Часто она говорила об этом с Сильвестром, тот тоже ничего не понимал.
– И все-таки, Го, ты именно за него должна выйти замуж, – говорил Сильвестр, – если, конечно, твой отец не будет против. Ты не найдешь в округе никого более подходящего. Прежде всего, скажу тебе, он парень благоразумный, хотя на первый взгляд этого не скажешь, и выпивает редко. Бывает, правда, он немного упрямится, но, в сущности, характер у него мягкий. Ты и представить себе не можешь, какой он добрый. А моряк какой! Каждый сезон капитаны отвоевывают его друг у друга…
Она была уверена, что получит благословение отца, ведь он никогда не шел наперекор ее желаниям. А богат Янн или нет – ей все равно. Такому моряку достаточно небольшой суммы на полгода каботажного плавания, и он станет капитаном, которому все судовладельцы захотят доверить свои суда.
И еще ей безразлично, что он такой огромный: для женщины слишком большой рост может быть недостатком, а мужчину это совсем даже не портит.
Осторожно, стараясь не выдать себя, она порасспросила о нем местных девушек, больших знатоков всех любовных историй. Выяснилось, что Янн, никому не давая никаких обещаний, не выказывая предпочтения ни одной, гулял направо и налево, наведывался к благоволившим к нему красоткам и в Лезардриё, и в Пемполе.
Однажды поздним воскресным вечером она видела, как он прошел мимо ее окон в обнимку с некоей Жанни Карофф – девицей, конечно, красивой, но с дурной репутацией. Это причинило Го нестерпимую боль.
Ее уверяли, что он очень вспыльчив, рассказали, как однажды вечером, подвыпив в одном из пемпольских трактиров, где, по обыкновению, развлекаются рыбаки, он швырнул массивный мраморный стол в дверь, которую ему не пожелали открыть…

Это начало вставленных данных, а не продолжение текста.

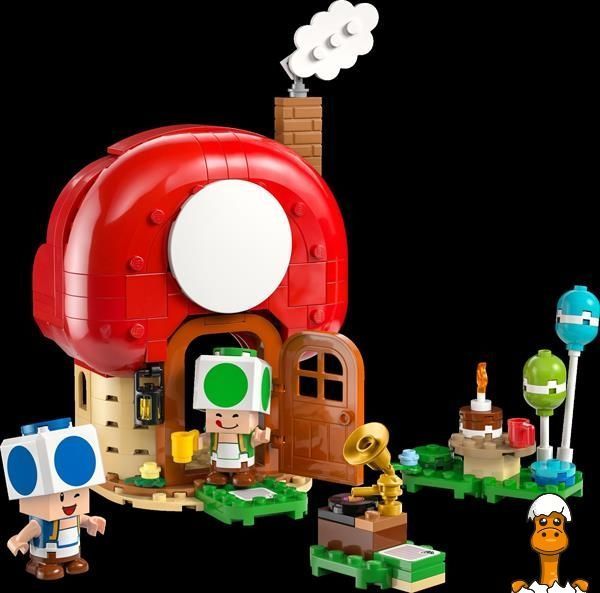 Мамалюк - Конструктор LEGO Super Mario Вечеринка в доме Toad 276 деталей (72041) LEGO A4-72041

Все это она ему прощала: известно, какими иной раз бывают моряки, когда на них находит… Но если у него доброе сердце, зачем он искал знакомства с ней, когда она думать о нем не думала? Чтобы потом бросить? Для какой надобности всю ночь не сводил с нее глаз, мило и, казалось, так искренне улыбался, таким нежным голосом откровенничал с ней, будто с невестой? Теперь она уже не в силах побороть себя и полюбить другого. Давно, в детстве, ей обычно говорили, когда хотели отругать, что она плохая девчонка, упрямица каких поискать. Такой она и осталась. Красивая, пожалуй, слишком серьезная, с виду высокомерная, не поддающаяся ничьему влиянию, она в глубине души осталась прежней.
Последовавшая за свадьбой зима прошла для Го в ожидании встречи, но Янн даже не пришел попрощаться с ней перед уходом в море. Теперь его здесь не было, и для нее все как бы перестало существовать; время, казалось, замедлило свой бег до осени, когда нужно будет все прояснить и покончить с этим…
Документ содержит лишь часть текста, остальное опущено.